Progressivement, je pris conscience que le monde spirituel était figé, fermé chez la plupart des Maitres que je rencontrais, même si parmi eux, certains m’avaient profondément touché par la qualité de leur présence et par leur sagesse qui paradoxalement me semblait presque inhumaine. C’est finalement, la mentalité des disciples et fidèles de tous bords, que je voyais convertie en une pensée unique et dogmatique qui finit par me convaincre de quitter ce milieu de façon définitive.
De mon passage dans l’univers de la spiritualité je retenais la découverte de Sri Aurobindo que je n’ai hélas jamais rencontré. En 1994, date à laquelle je me suis rendu dans son ashram à Pondichéry et découvrais l’œuvre de ce philosophe, poète et écrivain indien. Selon lui, il fallait davantage incarner la spiritualité dans le corps : un yoga qui ne serait pas essentiellement tourné vers le haut, mais aussi vers le bas. Il mit en évidence une nouvelle énergie descendante, un principe de force qui pénétrait dans la matière. Aurobindo attribuait à la matière une conscience qu’il appela la supra conscience, capable selon lui d’entrer en relation avec la réalité fondamentale qu’il décrivait de la manière suivante : cette force possède des mouvements dans mon corps, possède une masse, des intensités variables. On dirait le déplacement d’une substance vivante[1]. Ce philosophe mentionnait à propos de ce phénomène son caractère non exceptionnel, s’agissant d’une normalité pas encore conquise. Aurobindo proposait pour obtenir la conversion de la matière en conscience de travailler dans son propre corps et de découvrir le principe de conscience qui ouvre le pouvoir de transformer la matière.
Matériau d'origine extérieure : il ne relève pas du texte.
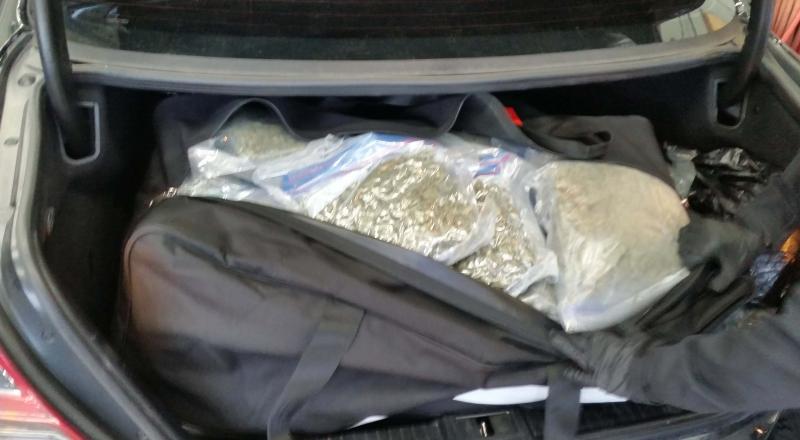 Hockey bag found with 104lbs of marijuana 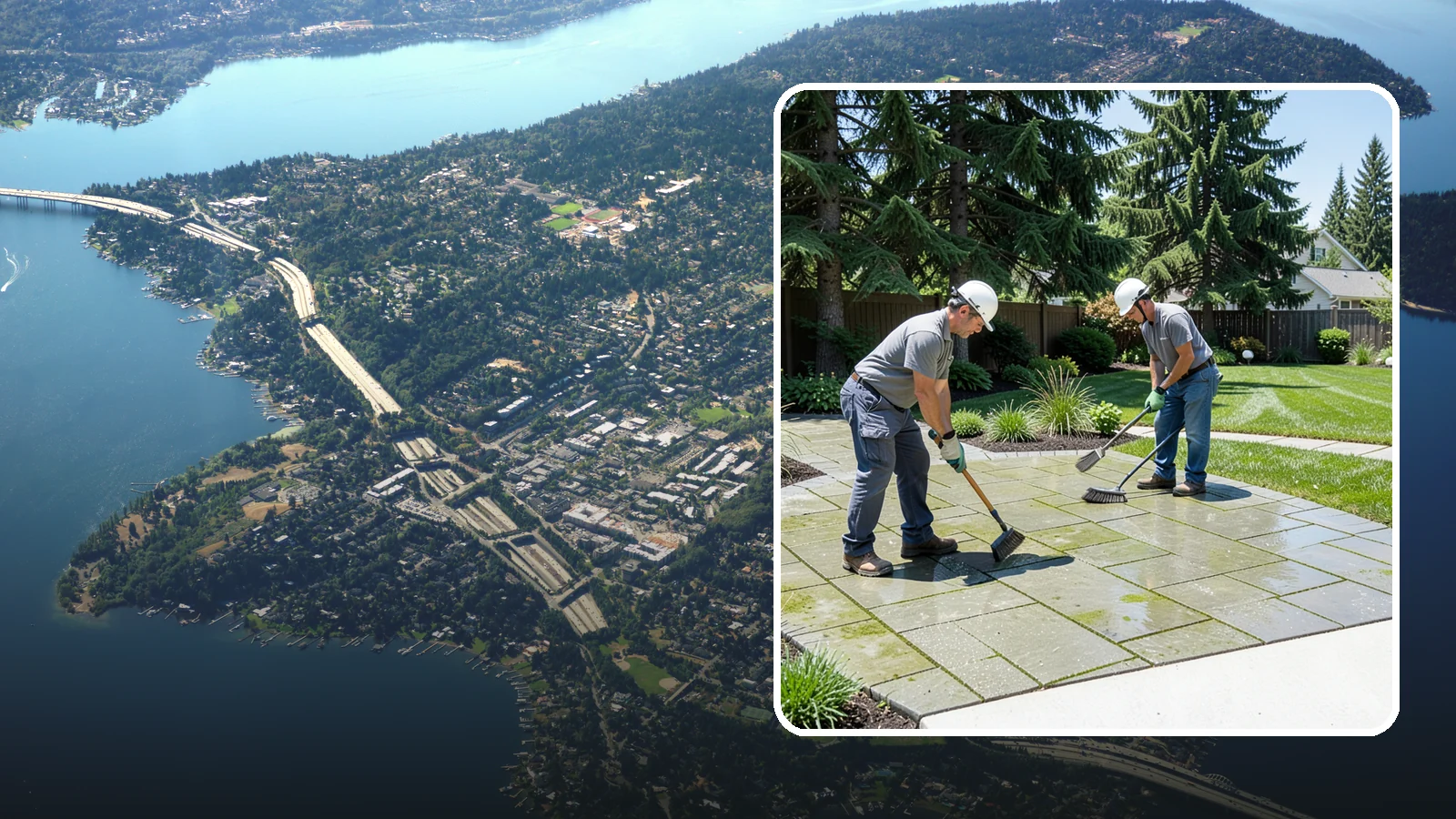 Paver Cleaning in Mercer Island, King County, WA - We deep-clean and re-sand paver surfaces to remove the moss, algae, and grime that thrive in Northwest damp.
Concernant les enjeux autour de la substance et du mouvement, je trouvais que Bergson se rapprochait le plus de ce j’appelais dans les années 80, la dynamique vitale. (1984). Parmi tous les philosophes, Bergson avec Aurobindo est probablement celui qui m’apportait le plus d’éclairage sur la présence d’un principe actif animant la matière, avec l’élan vital comme source de vie et comme force qui traverse la matière. Cette référence allait dans le sens d’une puissance créatrice qui se donne sous la forme d’une poussée interne portant la vie dans une direction donnée et selon un processus évolutif vers l’ouverture spirituelle. Bergson introduit aussi dans sa philosophie la Durée, qui me semblait en phase avec ma recherche de la subjectivité, car elle désigne d’une part, la valeur subjective de l’expérience intérieure relevant de l’élan vital, réalité unique et universelle, et d’autre part, la succession ininterrompue de changements au cœur de la matière dans un geste de conscience capable de saisir la subjectivité pure en coïncidence avec la pure intuition immédiate. « À chaque moment de notre vie intérieure correspond un moment de notre corps et de toute la matière environnante qui lui serait simultanée. Cette matière semble alors participer de notre durée consciente » (Bergson, 1968, p. 56)[2]. En rentrant en elle-même et en sondant sa propre profondeur, Bergson prône pour une conscience qui s’engage au cœur de la matière et de la vie « La matière et la vie qui remplissent le monde sont aussi bien en nous ; les forces qui travaillent en toute chose, nous les sentons en nous » (Ibid., p137).